Newsweek Goes Up for Sale Again but PE Likely Won’t Bite

Don’t expect private equity to be interested in Newsweek, which is reportedly up for sale again, banking and PE sources said.

IAC, which owns Newsweek, is exploring a sale of the newsweekly, Variety is reporting. Private equity firms will likely not bid for Newsweek because the magazine doesn’t produce any EBITDA, sources said.

“Only strategics will be interested,” one banker said. “It will be a hard sell.”

Newsweek requires a new business plan, a PE exec added. The magazine needs funding to transition to that plan and resources to develop independent content, the source said. “If the Daily Beast and IAC couldn’t make it work, who can?” the exec said.

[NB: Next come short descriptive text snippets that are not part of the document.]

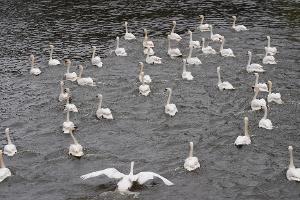 Hamburger Schwäne sind zurück auf der Alster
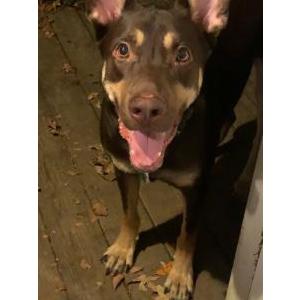 Image of King, Lost Dog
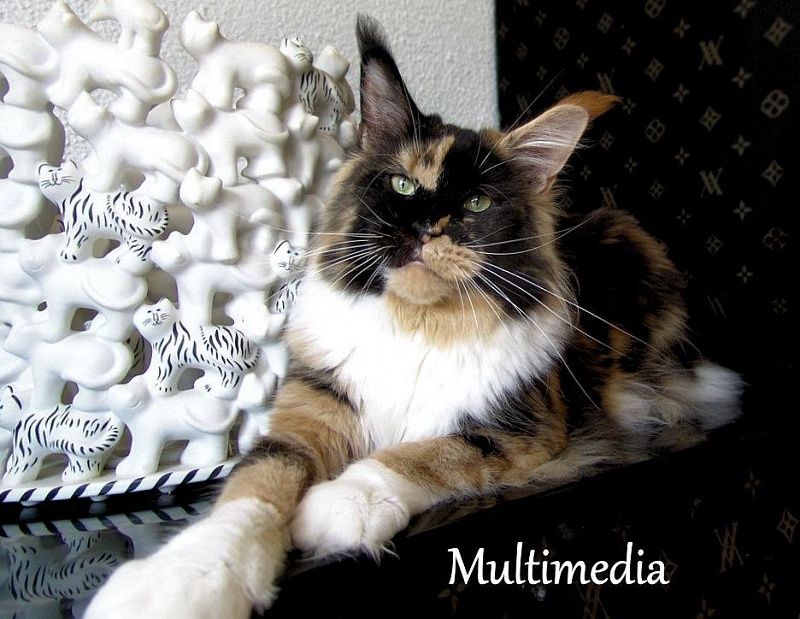 Pillowtalk's Multimedia - maine-coon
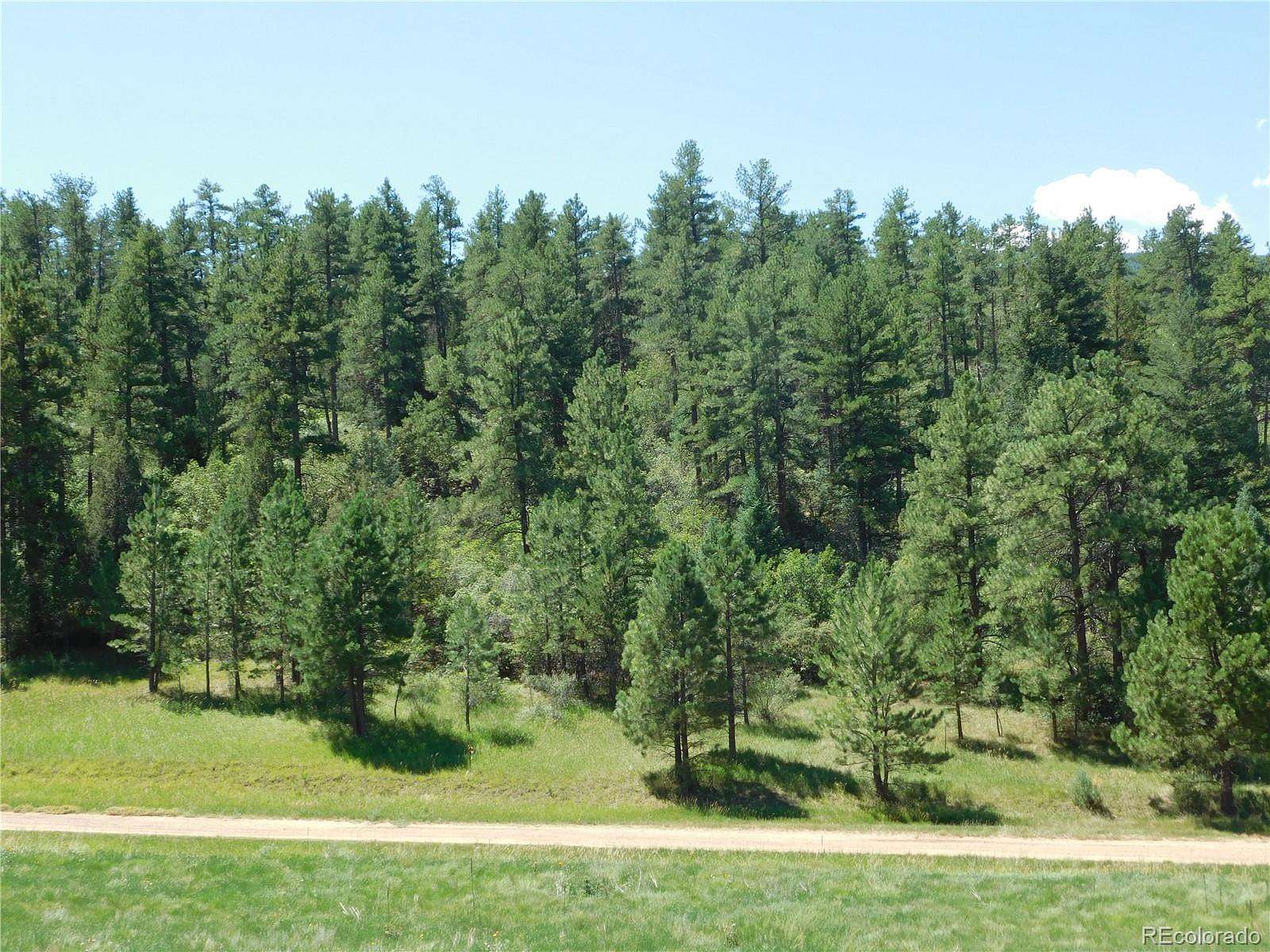 1 Acre of Residential Land for Sale in Larkspur, Colorado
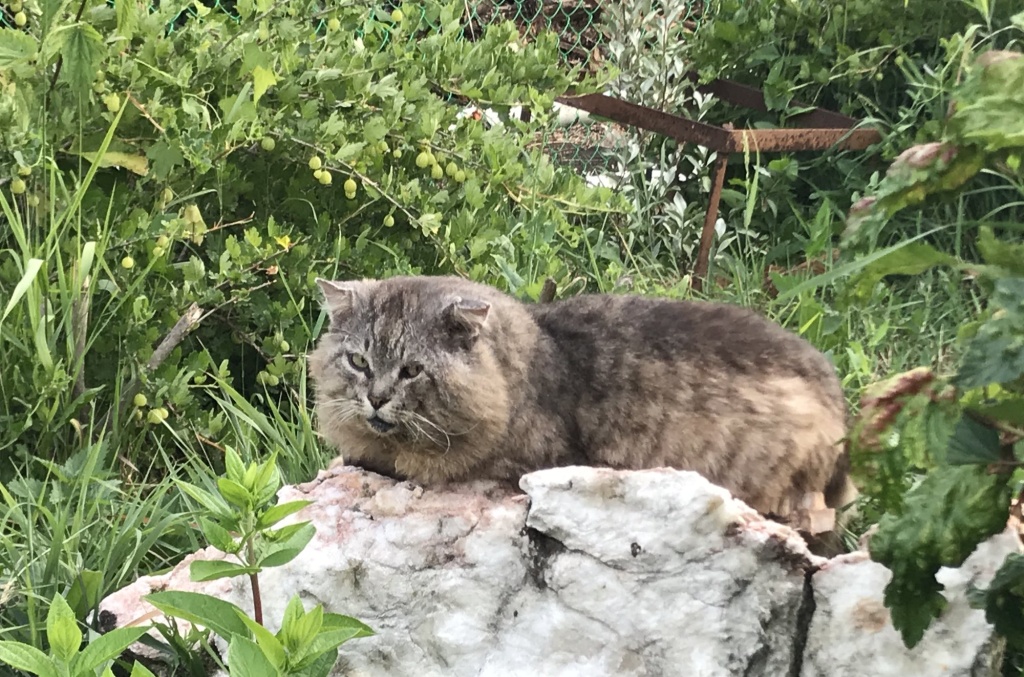 Кот на даче.JPG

The magazine’s lack of EBITDA isn’t new and this didn’t prevent Newsweek from finding a buyer back in 2010. Then owned by the Washington Post Co., Newsweek was seeking bids of between $15 million and $20 million, peHUB reported at the time. Bidders included Newsmax Media; Thane Ritchie, Ritchie Capital Management’s CEO; OpenGate Capital and Sidney Harman, according to Reuters.

Harman went on to win the auction and paid $1 in exchange for absorbing Newsweek’s considerable financial liabilities.

Harman merged Newsweek with the Daily Beast Co., which is owned by IAC, in November 2010. Harman passed away in April 2011 and his family chose not invest more in the publication, Variety says.

The sale of Newsweek comes after Barry Diller, IAC’s chairman, said on Bloomberg TV that “it was a mistake” to buy Newsweek. Diller said printing a single magazine, especially a news weekly, is a “fools errand,” according to press reports.

Officials for IAC and Newsweek could not immediately be reached for comment.